On Tue, Jun 18, 2013 at 04:20:28PM +0100, Arjan van de Ven wrote:
On 6/14/2013 9:05 AM, Morten Rasmussen wrote:
Looking at the discussion it seems that people have slightly different views, but most agree that the goal is an integrated scheduling, frequency, and idle policy like you pointed out from the beginning.
... except that such a solution does not really work for Intel hardware.
The OS does not get to really pick the CPU "frequency" (never mind that frequency is not what gets controlled), the hardware picks the frequency. The OS can do some level of requests (best to think of this as a percentage more than frequency) but what you actually get is more often than not what you asked for.
You can look in hindsight what kind of performance you got (from some basic counters in MSRs), and the scheduler can use that to account backwards to what some process got. But to predict what you will get in the future...... that's near impossible on any realistic system nowadays (and even more so in the future).
The proposed power scheduler doesn't have to drive p-state selection if it doesn't make sense for the particular platform. The aim of the power scheduler is integration of power policies in general.
Treating "frequency" (well "performance) and idle separately is also a false thing to do (yes I know in 3.9/3.10 we still do that for Intel hw, but we're working on fixing that). They are by no means separate things. One guy's idle state is the other guys power budget (and thus performance)!.
I agree.
Based on our discussions so far, where it has become more clear where Intel is heading, and Ingo's reply I think we have three ways to ahead with the power-aware scheduling work. Each with their advantages and disadvantages:
1. We work on a generic power scheduler with appropriate abstractions that will work for all of us. Current and future Intel p-state policies will be implemented through the power scheduler.
Pros: We can arrive at fairly standard solution with standard tunables. There will be one interface to the scheduler.
Cons: Finding a suitable platform abstraction for the power scheduler.
2. Like 1, but we introduce a CONFIG_SCHED_POWER as suggested by Ingo, that makes it all go away.
Pros: Intel can keep intel_pstate.c others can use the power scheduler or their own driver.
Cons: Different platform specific drivers may need different interfaces to the scheduler. Harder to define cross-platform tunables.

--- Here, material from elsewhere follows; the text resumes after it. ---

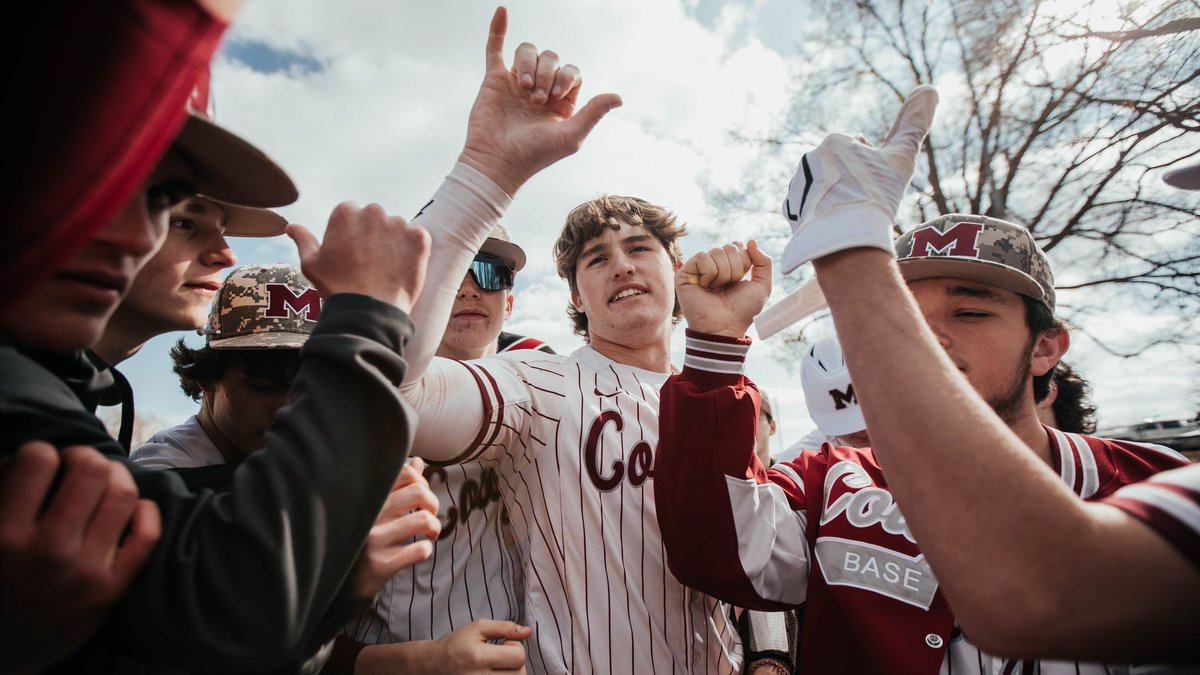 dapjr7's tweet photo. Recap of opening week for Tipton County baseball/softball 

@win2daybaseball @CardSoftballKTA @CHS_BSB https://t.co/tj7H3JXEUB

3. We go for independent platform specific power policy driver that may or may not use existing frameworks, like intel_pstate.c.

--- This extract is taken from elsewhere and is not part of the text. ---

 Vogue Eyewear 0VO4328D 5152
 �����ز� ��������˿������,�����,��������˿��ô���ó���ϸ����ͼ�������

Pros: No need to find common platform abstraction. Power policy is implemented in arch/* and won't affect others.
Cons: Same as 2. Everybody would have to implement their own frequency, idle and thermal solutions. Potential duplication of functionality.
In my opinion we should aim for 1., but start out with a CONFIG_SCHED_POWER and see where we get to. Feedback from everybody is essential to arrive at a generic solution.